Dennis Gardner helped his sister, Audrey along the cobblestone path leading to First Baptist Church. His wife, Jackie, walked in front of them, heading for the “Let Freedom Ring” celebration at the historic house of worship.
“This is a grand celebration here at the church and for the local people of Williamsburg,” Jackie Gardner said, pointing to the church founded by slaves. “These celebrations are the beginning of a dialog about race in this country. It’s an exciting time.”
Monday’s service was a celebration of the first day of Black History Month, as the church commemorated the restoration of its Freedom Bell, which was done through a partnership with the Colonial Williamsburg Foundation and the Ford Foundation in recognition of the church’s 240th anniversary.
Her husband, who has been a church member since it was located on Nassau Street in the 1950s, added, “We’re so happy to be here and witness this. We wouldn’t have missed it.”
New Williamsburg resident Sophia Wirkkala and her three home schooled children Olivia, 14, Vinnie, 10, and Nicholas, 16, saw a news report on the ceremony, and came out for it.

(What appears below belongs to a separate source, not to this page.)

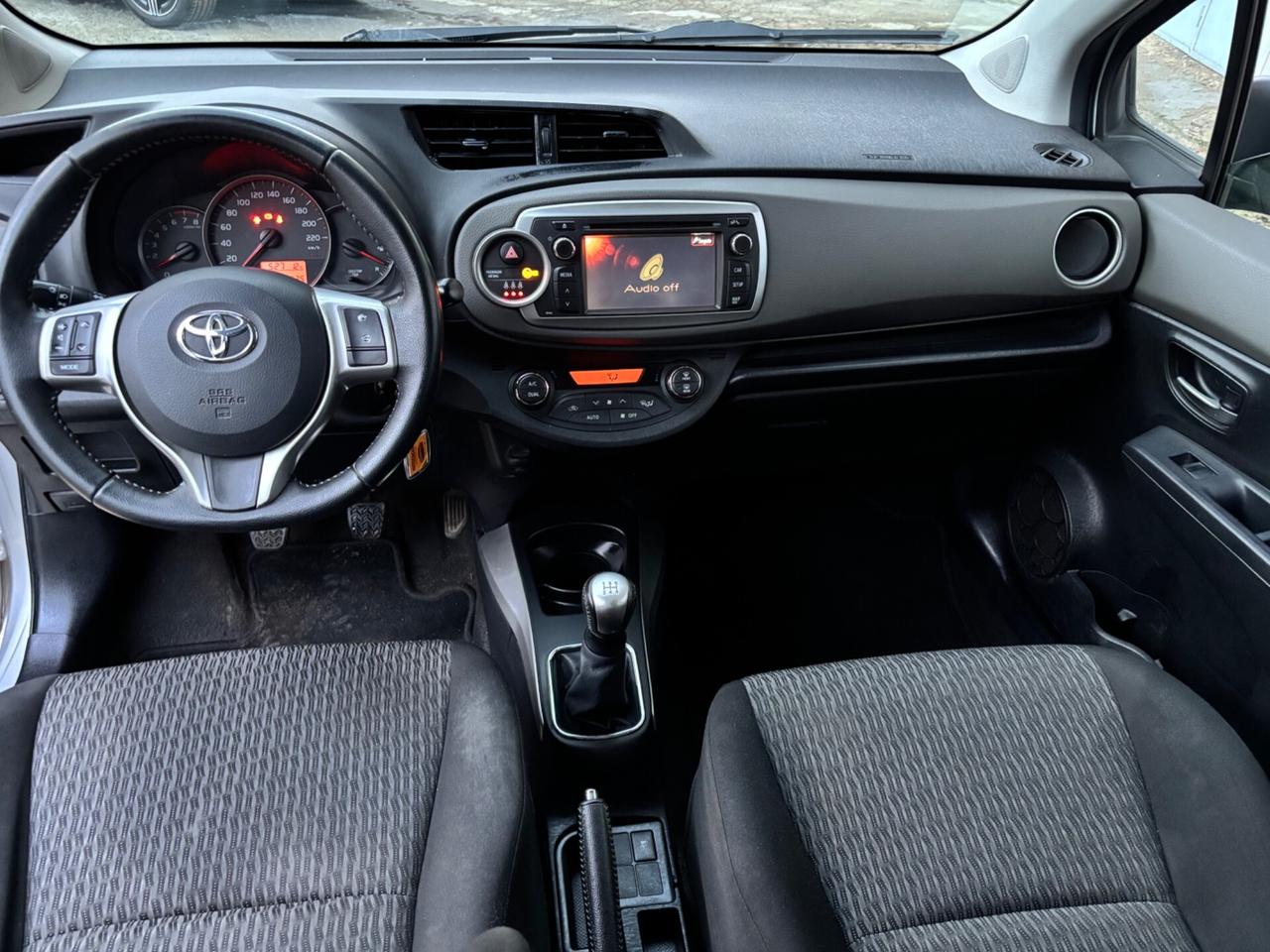 Toyota Yaris 1.0 5 porte(neopatentato)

“I’m the biggest Harriet Tubman fan there is,” Sophia Wirkkala said. “We came out because this is an important celebration of our history as a nation.”
Wirkkala read the church’s history to her children Monday and wanted them to to see the history they now live around. The family didn’t know the church’s event was invitation only, so they ended up at Kimball Theater to watch it on the big screen.
People came from across the region to celebrate the church’s rehabbed bell and historic event.
Hampton University's choir kicked off the star-studded event, which featured the Rev. Jesse Jackson Sr., soul legend Dionne Warwick and iconic R&B singer Valarie Simpson.
First Baptist Church in Williamsburg fell silent as Simpson played the first few keys on the piano she sat at in the sanctuary. “Are we having church in here this morning?” said Simpson, half of the hit duo Ashford & Simpson.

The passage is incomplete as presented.